QC and downstream analysis

eboileau commented 6 years ago

I open this thread to follow-up on minor issues related to the analysis scripts, when running the example dataset (see also #76 ).

~~1. When running create-rpbp-preprocessing-report, call to pdflatex initially fails.~~ I suggest to include graphics path files without extension, in this way the graphics package looks for a supported graphics format automatically. ~~2. Bars are missing in the read length distributions bar plots.~~ ~~3. With show-read-length-bfs, compilation fails.~~

For rep 1, we don't have enough reads to visualize (read length periodicity), unless we set --min-visualization-count very low, say 10. Next release should probably include the full working example with suggested values for parameters/options.

~~Not tested yet with option --create-fastqc-reports.~~

FIX bio_utils.plotting.plot_read_length_distribution, create_rpbp_preprocessing_report and visualize_metagene_profile_bayes_factor (minor changes to plotting options, typos, latex commands modified, redundant lines removed, etc.) The report should now be created no matter which option is selected. This will be added to the next release.

eboileau commented 6 years ago

When running create-rpbp-predictions-report:

The report contains misformatted figures (axes, etc.), in particular the ORF bar plots and length distributions.
With the --show-chisq option, it seems that fraction and reweighting_iterations are missing when calling get_riboseq_predicted_orfs, as a result files (names without the frac-smoothing_fraction.rw-smoothing_reweighting_iterations) are reported as missing.

eboileau commented 6 years ago

Re point 2 above: estimate-orf-bayes-factors returns everything as a BED12+ file with frac-smoothing_fraction.rw-smoothing_reweighting_iterations in the file name, whether we only want the chi square value or not (it will be included by default). However, none of the file names account for the differences between is_chisq_values = [True, False] when selecting the final prediction sets. As a results, all fine names contain the string frac-smoothing_fraction.rw-smoothing_reweighting_iterations. For the QC/analysis, and in particular in create_rpbp_predictions_report, this is problematic with --show-chisq, since this results in a mismatch in the file names. This is only a matter of naming convention, but for consistency should be changed throughout the code.
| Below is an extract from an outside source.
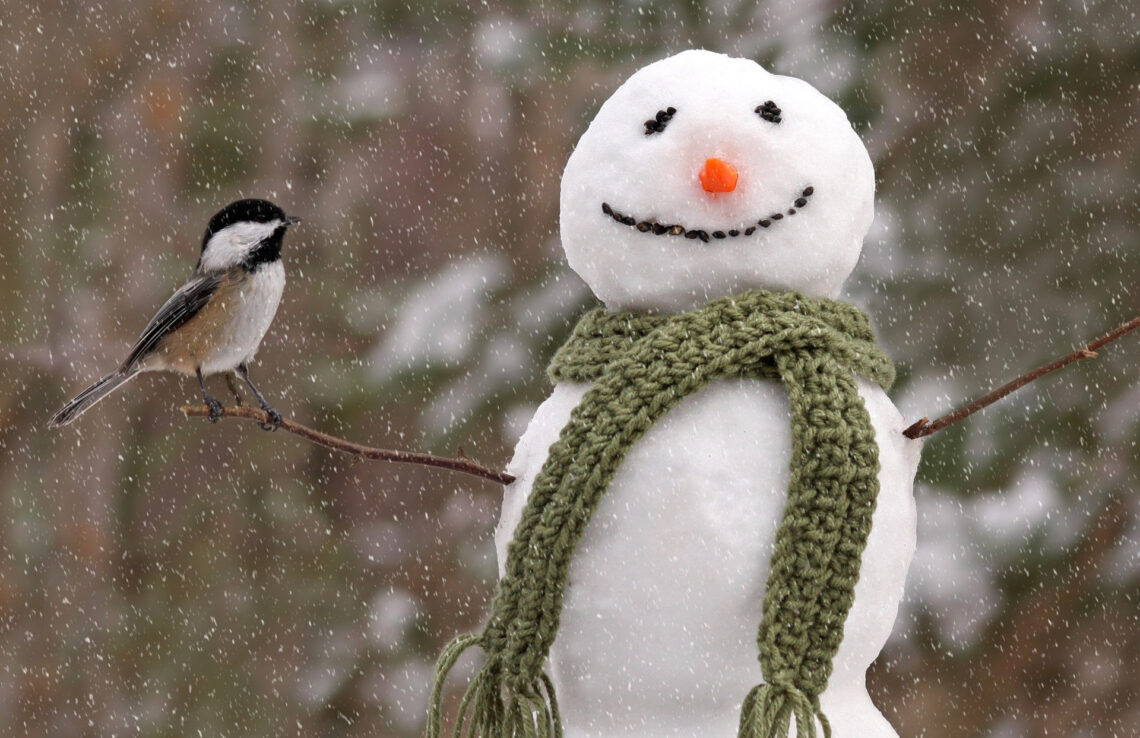 Fotografia che ritrae un pupazzo di neve con una cinciallegra poggiata sulla "mano" del "braccio" destro, in realtà un rametto d'albero.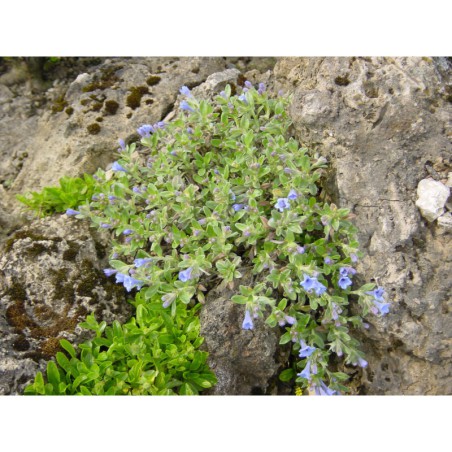 Lithodora oleifolia - kamejnička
bmmalone commented 6 years ago

Hi Etienne,

Just to clarify a bit here...

chisq stuff: in the paper, we show the the Bayes factor-based approach is essentially always better than the chi-square test-based approach. Since including those figures doubles the size of the reports (and since they aren't especially informative), I just quit using them. It is entirely possible that some those filenames are not consistent any more.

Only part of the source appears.